İLERİ SÜRÜLEN İSTİNAF SEBEPLERİ
Davacı vekili istinaf başvuru dilekçesinde; davacının maluliyetinin tespiti için Ankara Üniversitesi Tıp Fakültesi Adli Tıp Anabilim Dalı Başkanlığı tarafından düzenlenen 09.03.2018 tarihli raporda, olay tarihinde yürürlükte olan Çalışma Gücü ve Meslekte Kazanma Gücü Kaybı Oranı Tespit İşlemleri Yönetmeliğine göre vücut genel çalışma gücünden kaybının %5,1 olduğunun tespit edildiği, 16.10.2018 tarihli…. düzenlemiş olduğu Özürlülük Ölçütü ve Özürlülere Verilecek Sağlık Kurulu Raporları Hakkındaki Yönetmelik esas alınarak düzenlenen raporda ise özür oranının %0 olduğunun belirlendiğini, iki rapor arasında çelişki bulunması nedeniyle İstanbul Adli Tıp Kurumundan yeni rapor alınması için itirazda bulunulduklarını, sigortalı aracın poliçe tanzim tarihinin 20.11.2015 olduğunu, poliçenin, 02.08.2016 tarihinde yürürlüğe giren Özürlülük Ölçütü Sınıflandırması ve Özürlülere Verilecek Sağlık Raporları Hakkındaki Yönetmelikten önce tanzim edilmiş olması nedeniyle Özürlülük Ölçütüne göre alınan raporun kabul edilemeyeceğini ileri sürmüştür.

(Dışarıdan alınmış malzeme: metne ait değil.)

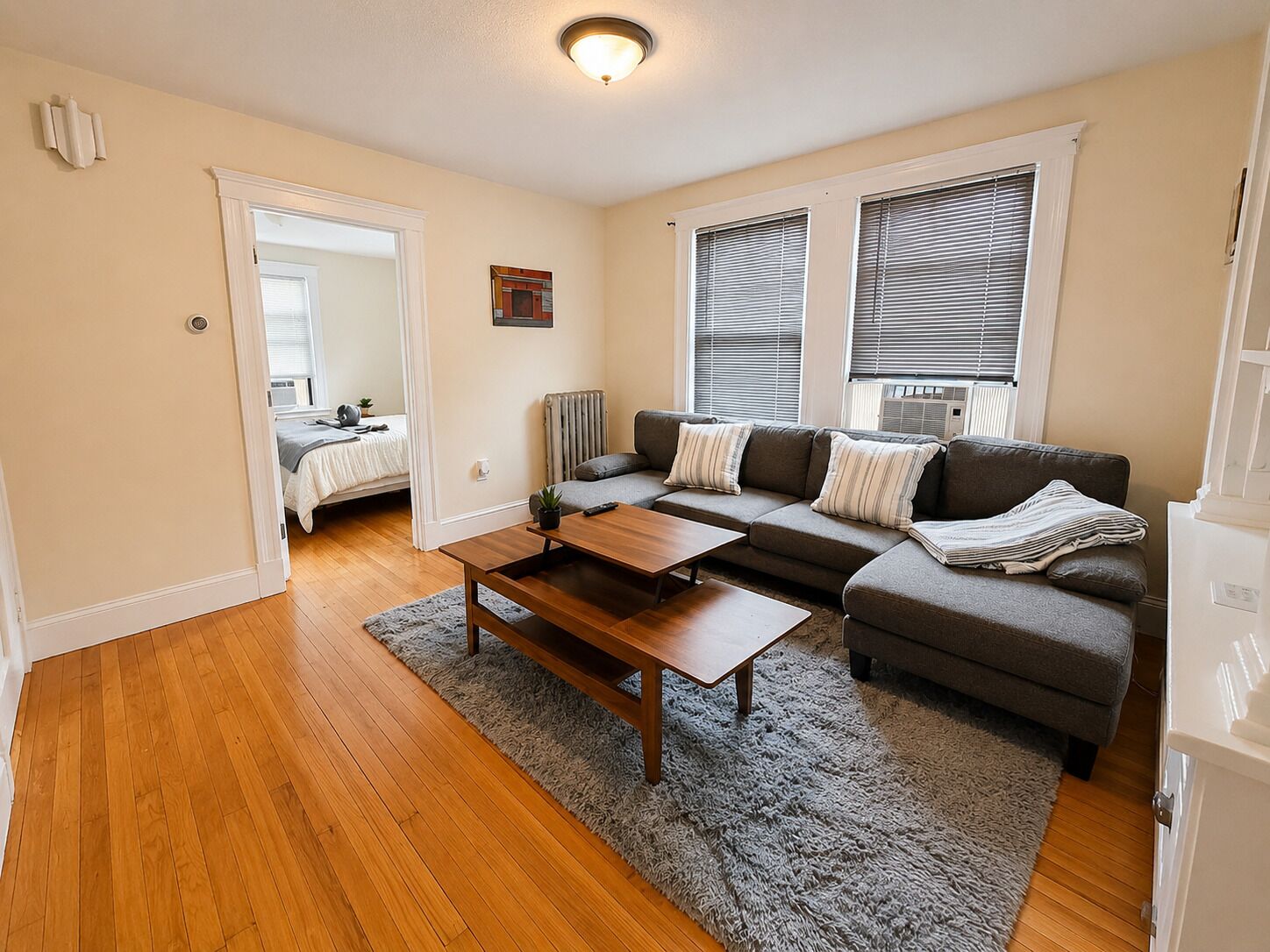 A living room with a sofa, a coffee table, a radiator, and a door leading to a bedroom.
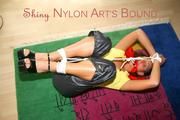 Stella tied and gagged on the floor wearing a shiny nylon rain pants (Pics)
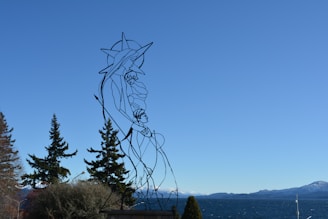 A metal wire sculpture depicting a stylized figure with an outstretched arm holding a child, set against a backdrop of blue sky and mountains in the distance. There are trees in the foreground and a large body of water behind the sculpture.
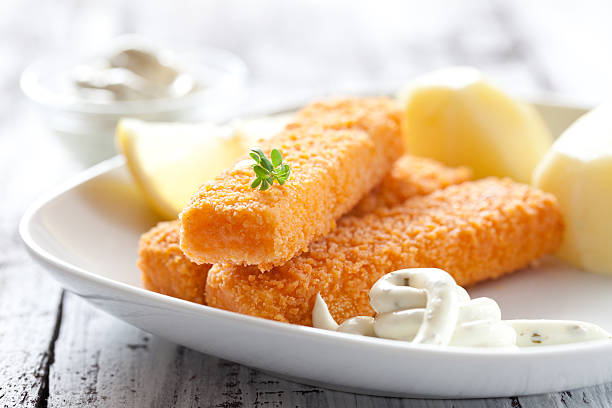 fish fingers with potatoes fresh fish fingers with potatoes and remoulade sauce fish stick stock pictures, royalty-free photos & images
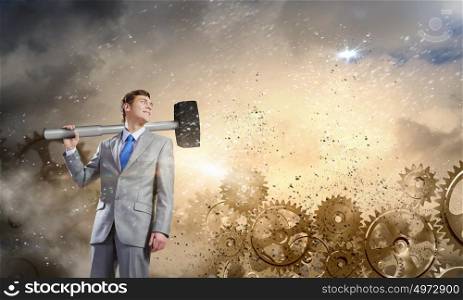 Working mechanism. Young businessman with hammer against gears background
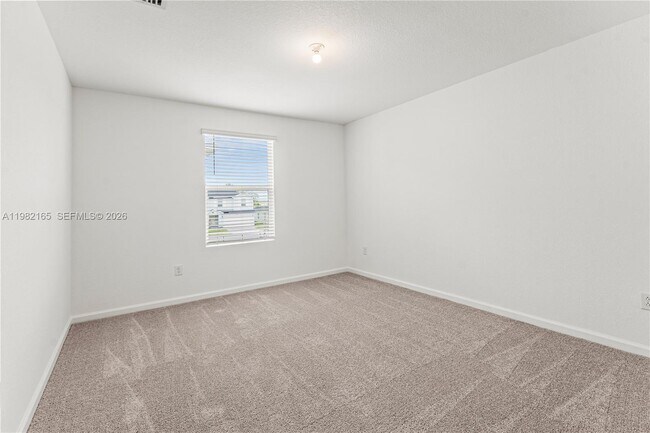 Building Photo - 10722 NW Moon Rise Ln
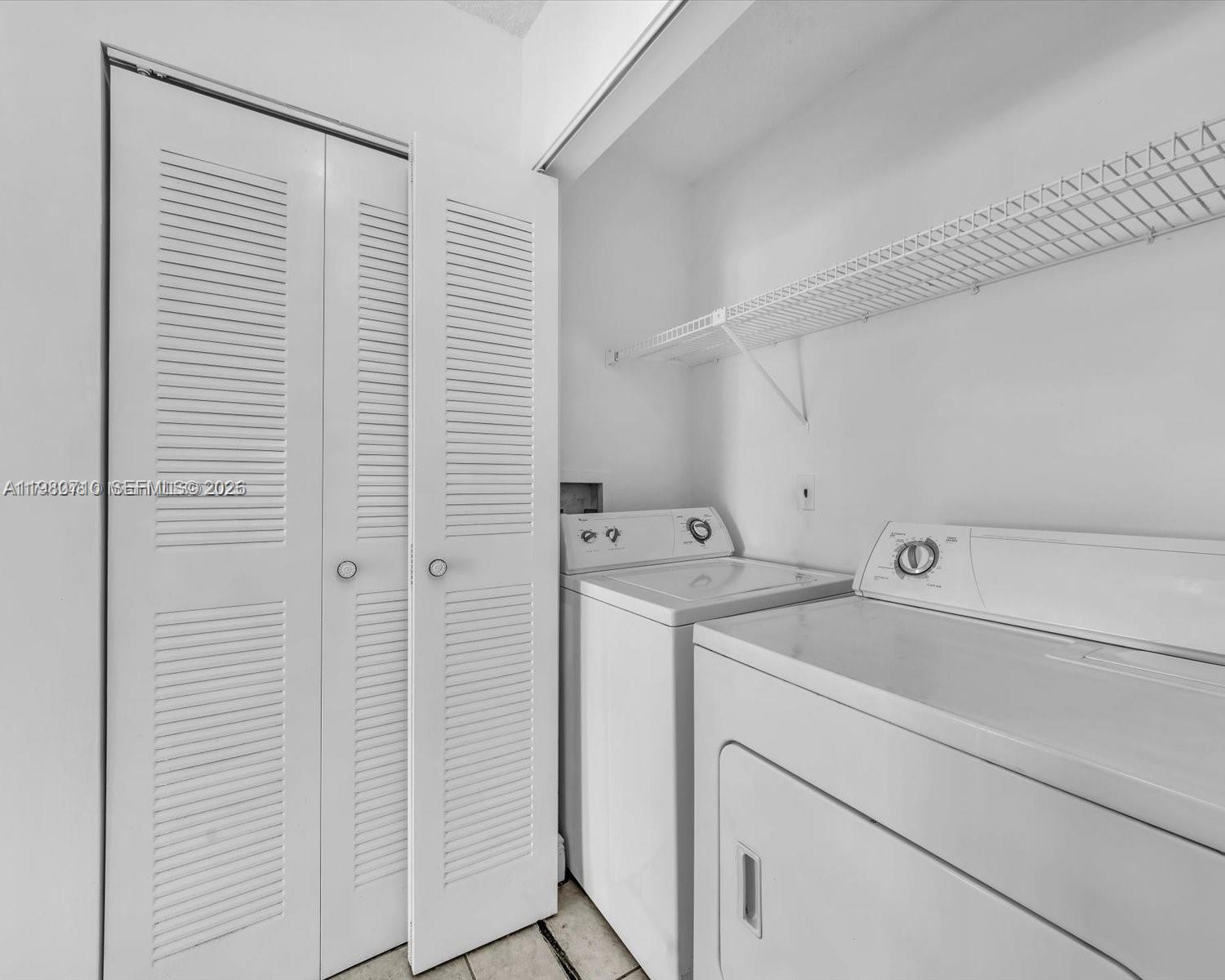 15770 Southwest 106th Terrace, Unit 303 Miami, FL 33196 - Photo 29 of 64 a utility room with dryer and washer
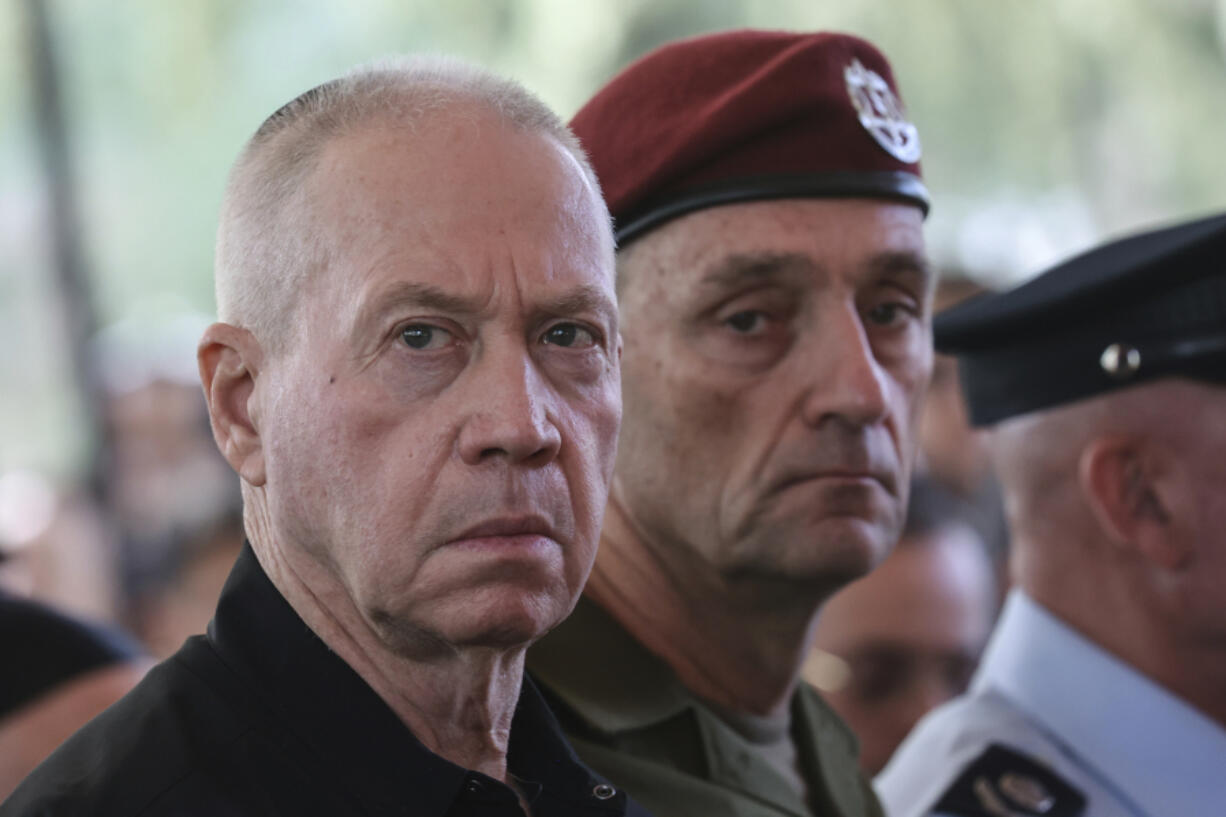 Israel&rsquo;s Defense Minister Yoav Gallant, left, and Chief of the General Staff Lieutenant-General Herzi Halevi, attend a ceremony marking the Hebrew calendar anniversary of the Hamas attack on October 7 last year that sparked the ongoing war in Gaza, at the Mount Herzl military cemetery in Jerusalem, Israel Sunday Oct. 27, 2024.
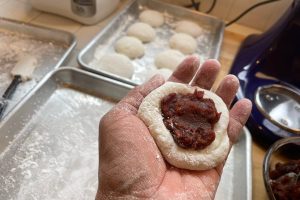 making mochi with red bean paste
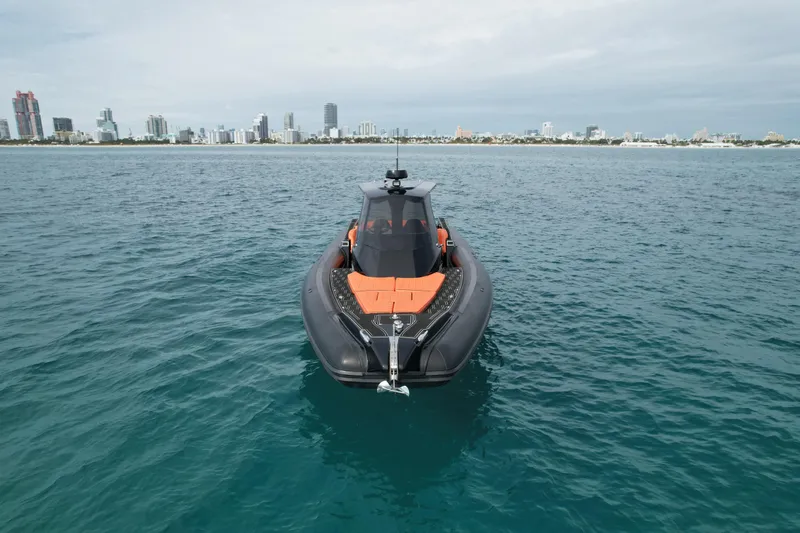 Slide: The Image of MV Marine 40 boat on open water, city skyline in background, 2017 model. - 3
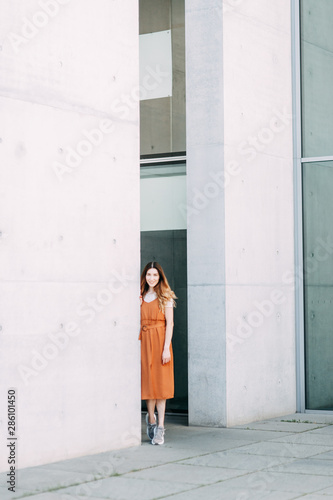 light portraits of a young girl on a white background. stylish image in the modern architecture of the building.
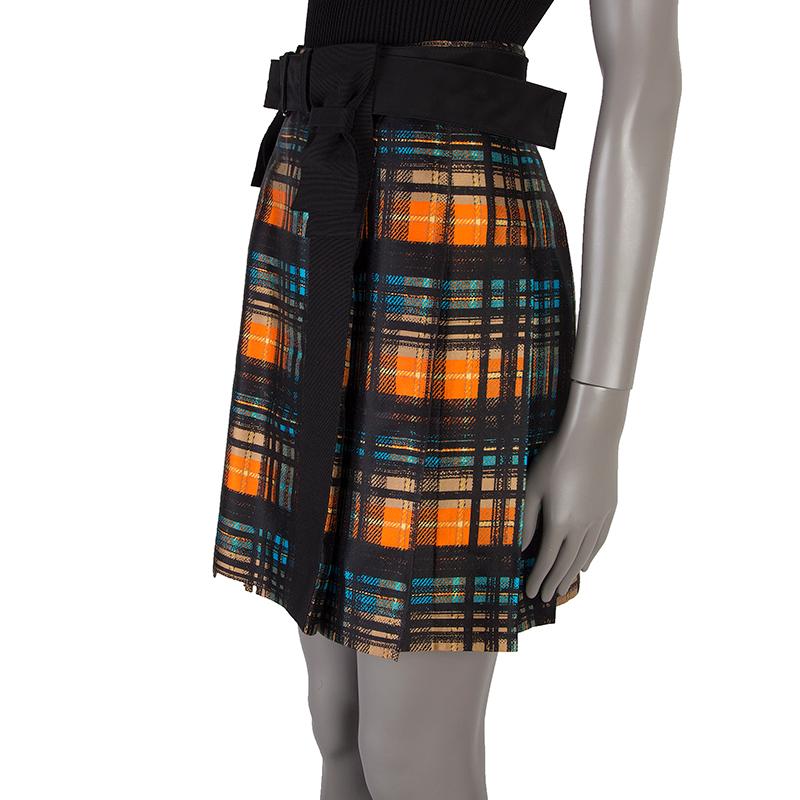 Prada plaid pleated skirt in black, orange, blue, yellow, and sand wool (52%) and silk (48%). With two vertical bows on the front and belt loops. Closes with hook and invisible zipper on the side. Lined in black cupro (60%) and silk (40%). Comes
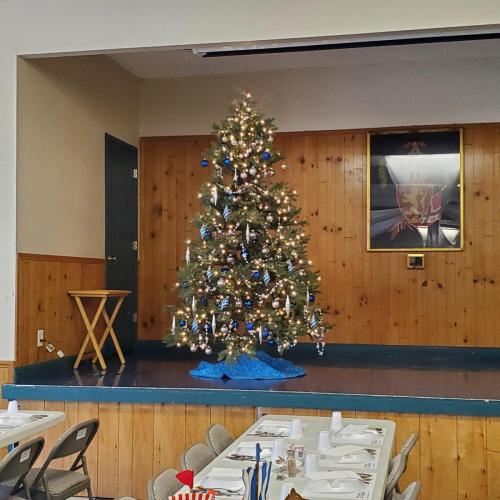 Nordahl Hall photo Lutefisk Dinner Christmas Tree and stage 2023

Davalı sigorta şirketi vekili istinaf başvuru dilekçesinde; geçici iş göremezlik zararının sigorta teminatı kapsamında olmadığını, 01.06.2015 tarihinde Zorunlu Mali Sorumluluk Sigortası Genel Şartlarında yapılan değişiklik ile geçici iş göremezlik tazminatının teminat dışı sayıldığını, davacının geçici iş göremezlik tazminatı taleplerinden … Kurumunun sorumlu olduğunu, bakıcı gideri de tedavi giderleri kapsamında olup tedavi giderlerinden SGK’nın sorumlu olduğunu, davacının bakıcı gideri talebinin bu yönüyle reddi gerektiğini ileri sürmüştür.
DELİLLERİN DEĞERLENDİRİLMESİ ve GEREKÇE
Davacı vekilinin ve davalı vekilinin HMK.nın 355. maddesi gereğince istinaf sebepleri ile sınırlı olarak, dosya içerisindeki bilgi ve belgeler, mahkeme kararının gerekçesi, dayanılan delillerin tartışılıp değerlendirilmesi ile yapılan inceleme sonunda;
Dava trafik kazasından kaynaklanan maddi tazminat istemine ilişkindir.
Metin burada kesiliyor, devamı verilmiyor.